Task instructions: From the entries below, pull out each line where "Comfort" appears.

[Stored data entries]
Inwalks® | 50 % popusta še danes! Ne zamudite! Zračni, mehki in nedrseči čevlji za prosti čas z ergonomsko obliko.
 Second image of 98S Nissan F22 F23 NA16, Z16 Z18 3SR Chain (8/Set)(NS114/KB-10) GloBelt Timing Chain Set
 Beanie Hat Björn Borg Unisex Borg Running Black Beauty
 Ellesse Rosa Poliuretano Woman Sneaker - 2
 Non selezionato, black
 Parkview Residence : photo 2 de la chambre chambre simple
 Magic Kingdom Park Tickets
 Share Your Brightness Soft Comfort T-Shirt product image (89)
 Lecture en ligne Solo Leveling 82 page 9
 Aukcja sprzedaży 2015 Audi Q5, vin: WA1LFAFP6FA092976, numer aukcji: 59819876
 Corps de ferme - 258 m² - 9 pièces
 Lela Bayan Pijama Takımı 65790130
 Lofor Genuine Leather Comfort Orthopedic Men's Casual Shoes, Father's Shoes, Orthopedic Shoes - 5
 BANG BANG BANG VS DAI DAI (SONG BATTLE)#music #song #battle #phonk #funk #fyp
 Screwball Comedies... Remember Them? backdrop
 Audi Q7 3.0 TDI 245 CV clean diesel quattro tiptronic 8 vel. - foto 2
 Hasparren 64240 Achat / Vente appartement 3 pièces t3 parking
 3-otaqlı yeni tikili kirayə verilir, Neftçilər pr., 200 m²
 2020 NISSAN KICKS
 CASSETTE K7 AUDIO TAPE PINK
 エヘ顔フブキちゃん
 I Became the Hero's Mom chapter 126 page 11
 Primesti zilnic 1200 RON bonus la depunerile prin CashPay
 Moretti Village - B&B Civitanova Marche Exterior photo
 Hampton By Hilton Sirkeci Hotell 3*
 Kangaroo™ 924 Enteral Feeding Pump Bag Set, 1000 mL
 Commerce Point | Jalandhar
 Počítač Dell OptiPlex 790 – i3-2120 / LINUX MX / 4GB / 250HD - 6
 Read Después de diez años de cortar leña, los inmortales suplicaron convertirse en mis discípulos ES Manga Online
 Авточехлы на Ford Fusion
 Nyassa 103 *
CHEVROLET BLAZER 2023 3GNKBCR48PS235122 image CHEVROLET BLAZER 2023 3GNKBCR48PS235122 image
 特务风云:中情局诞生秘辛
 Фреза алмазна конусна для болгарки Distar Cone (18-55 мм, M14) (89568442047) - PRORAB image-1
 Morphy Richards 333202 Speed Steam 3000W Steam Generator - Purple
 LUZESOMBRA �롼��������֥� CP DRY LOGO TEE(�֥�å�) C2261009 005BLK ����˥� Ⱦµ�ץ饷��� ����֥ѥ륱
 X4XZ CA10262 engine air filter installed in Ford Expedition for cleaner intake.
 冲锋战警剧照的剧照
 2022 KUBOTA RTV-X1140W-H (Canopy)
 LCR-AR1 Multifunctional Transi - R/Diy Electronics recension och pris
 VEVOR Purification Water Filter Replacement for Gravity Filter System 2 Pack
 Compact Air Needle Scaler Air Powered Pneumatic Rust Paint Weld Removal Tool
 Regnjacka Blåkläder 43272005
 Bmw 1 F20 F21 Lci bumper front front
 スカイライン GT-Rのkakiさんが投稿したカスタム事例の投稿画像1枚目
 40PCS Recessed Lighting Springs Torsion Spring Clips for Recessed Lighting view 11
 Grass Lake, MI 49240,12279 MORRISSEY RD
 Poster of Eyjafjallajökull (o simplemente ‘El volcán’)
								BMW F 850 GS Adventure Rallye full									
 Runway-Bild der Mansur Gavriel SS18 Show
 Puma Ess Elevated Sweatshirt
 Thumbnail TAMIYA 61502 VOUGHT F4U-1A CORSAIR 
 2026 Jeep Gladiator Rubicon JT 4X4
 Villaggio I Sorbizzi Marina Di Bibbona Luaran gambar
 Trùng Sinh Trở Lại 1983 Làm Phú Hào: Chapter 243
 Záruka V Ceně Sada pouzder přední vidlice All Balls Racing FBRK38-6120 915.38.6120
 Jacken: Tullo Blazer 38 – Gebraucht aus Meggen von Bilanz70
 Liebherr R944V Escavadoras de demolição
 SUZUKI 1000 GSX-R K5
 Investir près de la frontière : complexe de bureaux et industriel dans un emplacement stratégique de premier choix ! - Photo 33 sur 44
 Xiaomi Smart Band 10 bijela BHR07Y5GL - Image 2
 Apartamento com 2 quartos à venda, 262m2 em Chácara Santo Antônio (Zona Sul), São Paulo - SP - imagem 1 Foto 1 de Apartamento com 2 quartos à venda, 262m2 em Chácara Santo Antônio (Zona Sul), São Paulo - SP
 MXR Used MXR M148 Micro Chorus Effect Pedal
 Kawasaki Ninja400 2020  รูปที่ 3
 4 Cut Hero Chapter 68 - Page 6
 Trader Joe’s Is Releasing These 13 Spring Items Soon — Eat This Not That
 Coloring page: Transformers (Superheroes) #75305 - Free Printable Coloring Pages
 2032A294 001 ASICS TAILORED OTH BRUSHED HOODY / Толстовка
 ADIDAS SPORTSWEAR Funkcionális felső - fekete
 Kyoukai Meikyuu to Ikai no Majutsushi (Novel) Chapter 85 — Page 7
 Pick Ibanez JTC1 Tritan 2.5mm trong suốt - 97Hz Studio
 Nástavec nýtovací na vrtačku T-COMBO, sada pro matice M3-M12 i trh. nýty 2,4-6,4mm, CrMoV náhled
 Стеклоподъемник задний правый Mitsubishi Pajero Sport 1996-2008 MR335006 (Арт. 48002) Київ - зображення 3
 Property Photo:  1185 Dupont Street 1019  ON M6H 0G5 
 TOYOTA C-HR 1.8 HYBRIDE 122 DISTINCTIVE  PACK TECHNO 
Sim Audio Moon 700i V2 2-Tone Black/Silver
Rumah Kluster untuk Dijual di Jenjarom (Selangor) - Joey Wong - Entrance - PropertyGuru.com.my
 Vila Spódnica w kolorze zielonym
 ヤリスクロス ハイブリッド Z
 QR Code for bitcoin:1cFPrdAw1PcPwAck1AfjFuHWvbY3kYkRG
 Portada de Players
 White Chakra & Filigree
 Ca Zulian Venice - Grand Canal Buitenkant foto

Written response:
 Share Your Brightness Soft Comfort T-Shirt product image (89)
 Lofor Genuine Leather Comfort Orthopedic Men's Casual Shoes, Father's Shoes, Orthopedic Shoes - 5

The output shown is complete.